Input data:
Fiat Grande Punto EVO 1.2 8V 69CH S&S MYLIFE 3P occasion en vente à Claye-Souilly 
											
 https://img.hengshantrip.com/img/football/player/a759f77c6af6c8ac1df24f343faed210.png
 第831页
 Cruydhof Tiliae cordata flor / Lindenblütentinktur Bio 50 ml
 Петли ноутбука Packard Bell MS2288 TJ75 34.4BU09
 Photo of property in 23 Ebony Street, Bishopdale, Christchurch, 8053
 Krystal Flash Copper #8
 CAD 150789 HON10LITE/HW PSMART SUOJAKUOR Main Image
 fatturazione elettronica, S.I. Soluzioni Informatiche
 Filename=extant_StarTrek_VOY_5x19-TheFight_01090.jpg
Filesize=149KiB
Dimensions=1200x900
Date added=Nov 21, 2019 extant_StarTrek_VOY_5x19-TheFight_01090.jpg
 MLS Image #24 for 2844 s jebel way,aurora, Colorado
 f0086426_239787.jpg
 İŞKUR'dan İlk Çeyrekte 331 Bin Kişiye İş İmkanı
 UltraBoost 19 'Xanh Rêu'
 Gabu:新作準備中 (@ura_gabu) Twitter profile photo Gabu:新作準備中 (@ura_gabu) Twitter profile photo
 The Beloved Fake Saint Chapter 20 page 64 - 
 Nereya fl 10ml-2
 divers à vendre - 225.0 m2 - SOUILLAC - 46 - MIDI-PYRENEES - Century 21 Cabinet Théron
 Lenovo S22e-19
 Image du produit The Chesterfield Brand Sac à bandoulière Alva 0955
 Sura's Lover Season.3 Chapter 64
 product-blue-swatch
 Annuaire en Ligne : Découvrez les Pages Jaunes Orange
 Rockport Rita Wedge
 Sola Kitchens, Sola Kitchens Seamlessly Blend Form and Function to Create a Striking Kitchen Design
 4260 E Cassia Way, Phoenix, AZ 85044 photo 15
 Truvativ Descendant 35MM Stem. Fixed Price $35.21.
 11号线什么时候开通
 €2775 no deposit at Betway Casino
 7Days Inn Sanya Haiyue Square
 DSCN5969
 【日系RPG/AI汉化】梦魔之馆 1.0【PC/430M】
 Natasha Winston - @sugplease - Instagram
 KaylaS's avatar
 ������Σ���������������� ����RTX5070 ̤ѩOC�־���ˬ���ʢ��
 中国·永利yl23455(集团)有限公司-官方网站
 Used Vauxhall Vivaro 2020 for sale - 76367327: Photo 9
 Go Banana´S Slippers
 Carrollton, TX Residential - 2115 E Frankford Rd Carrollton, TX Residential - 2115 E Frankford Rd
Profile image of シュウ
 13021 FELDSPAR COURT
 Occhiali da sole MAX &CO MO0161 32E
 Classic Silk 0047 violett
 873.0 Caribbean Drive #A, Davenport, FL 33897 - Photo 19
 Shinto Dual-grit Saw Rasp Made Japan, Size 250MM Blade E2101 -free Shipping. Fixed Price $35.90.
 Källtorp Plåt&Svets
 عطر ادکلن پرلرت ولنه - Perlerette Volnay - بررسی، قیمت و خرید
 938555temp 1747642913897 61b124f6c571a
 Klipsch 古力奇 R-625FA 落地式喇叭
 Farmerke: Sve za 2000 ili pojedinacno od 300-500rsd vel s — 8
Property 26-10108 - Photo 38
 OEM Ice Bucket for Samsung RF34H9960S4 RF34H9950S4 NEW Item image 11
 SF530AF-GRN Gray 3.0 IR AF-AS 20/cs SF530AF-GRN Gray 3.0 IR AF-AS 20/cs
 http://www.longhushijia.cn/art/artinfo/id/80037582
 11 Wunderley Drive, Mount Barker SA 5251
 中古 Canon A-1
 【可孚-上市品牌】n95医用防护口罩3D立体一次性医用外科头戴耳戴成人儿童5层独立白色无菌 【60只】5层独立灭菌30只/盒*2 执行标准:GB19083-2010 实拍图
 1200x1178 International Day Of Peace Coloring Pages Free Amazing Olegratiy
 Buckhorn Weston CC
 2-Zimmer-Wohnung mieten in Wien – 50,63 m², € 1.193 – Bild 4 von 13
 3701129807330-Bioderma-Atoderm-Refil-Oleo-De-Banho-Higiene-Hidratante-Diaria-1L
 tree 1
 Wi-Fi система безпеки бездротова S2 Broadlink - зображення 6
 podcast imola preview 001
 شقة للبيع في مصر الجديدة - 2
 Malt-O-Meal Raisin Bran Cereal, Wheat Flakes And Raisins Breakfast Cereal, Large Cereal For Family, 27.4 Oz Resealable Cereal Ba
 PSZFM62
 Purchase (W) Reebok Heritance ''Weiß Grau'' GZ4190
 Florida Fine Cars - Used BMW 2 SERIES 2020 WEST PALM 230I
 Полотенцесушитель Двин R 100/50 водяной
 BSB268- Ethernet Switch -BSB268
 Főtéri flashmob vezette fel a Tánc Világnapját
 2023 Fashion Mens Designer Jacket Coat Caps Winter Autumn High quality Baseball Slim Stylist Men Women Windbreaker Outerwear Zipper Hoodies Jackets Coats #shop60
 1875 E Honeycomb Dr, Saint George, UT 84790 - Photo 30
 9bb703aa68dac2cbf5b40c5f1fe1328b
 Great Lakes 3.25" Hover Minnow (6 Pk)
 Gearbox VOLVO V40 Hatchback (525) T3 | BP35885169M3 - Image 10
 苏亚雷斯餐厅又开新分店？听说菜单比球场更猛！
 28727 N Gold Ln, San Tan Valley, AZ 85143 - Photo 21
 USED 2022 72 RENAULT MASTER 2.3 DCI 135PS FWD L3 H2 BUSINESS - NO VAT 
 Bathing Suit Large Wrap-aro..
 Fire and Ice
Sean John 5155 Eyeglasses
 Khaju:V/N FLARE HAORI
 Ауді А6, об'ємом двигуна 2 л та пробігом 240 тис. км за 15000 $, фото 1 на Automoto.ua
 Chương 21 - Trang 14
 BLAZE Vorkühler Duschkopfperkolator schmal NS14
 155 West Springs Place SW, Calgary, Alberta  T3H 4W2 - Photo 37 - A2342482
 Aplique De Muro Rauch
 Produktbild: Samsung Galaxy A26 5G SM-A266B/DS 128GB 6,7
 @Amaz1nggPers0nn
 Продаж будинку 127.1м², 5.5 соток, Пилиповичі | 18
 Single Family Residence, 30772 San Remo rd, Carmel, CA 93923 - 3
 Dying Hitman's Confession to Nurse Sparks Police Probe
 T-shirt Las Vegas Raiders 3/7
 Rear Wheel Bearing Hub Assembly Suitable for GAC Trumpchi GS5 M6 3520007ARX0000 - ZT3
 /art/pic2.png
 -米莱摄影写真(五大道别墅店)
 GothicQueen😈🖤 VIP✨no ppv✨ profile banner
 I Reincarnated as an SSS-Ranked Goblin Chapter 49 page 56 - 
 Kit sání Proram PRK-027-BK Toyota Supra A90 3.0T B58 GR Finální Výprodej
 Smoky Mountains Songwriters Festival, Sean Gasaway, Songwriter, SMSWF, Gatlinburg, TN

Task objective: Starting with the line that contains "I Reincarnated as", write out each line through the end of the listing, exactly as it appears, and include nothing else.

Response:
 I Reincarnated as an SSS-Ranked Goblin Chapter 49 page 56 - 
 Kit sání Proram PRK-027-BK Toyota Supra A90 3.0T B58 GR Finální Výprodej
 Smoky Mountains Songwriters Festival, Sean Gasaway, Songwriter, SMSWF, Gatlinburg, TN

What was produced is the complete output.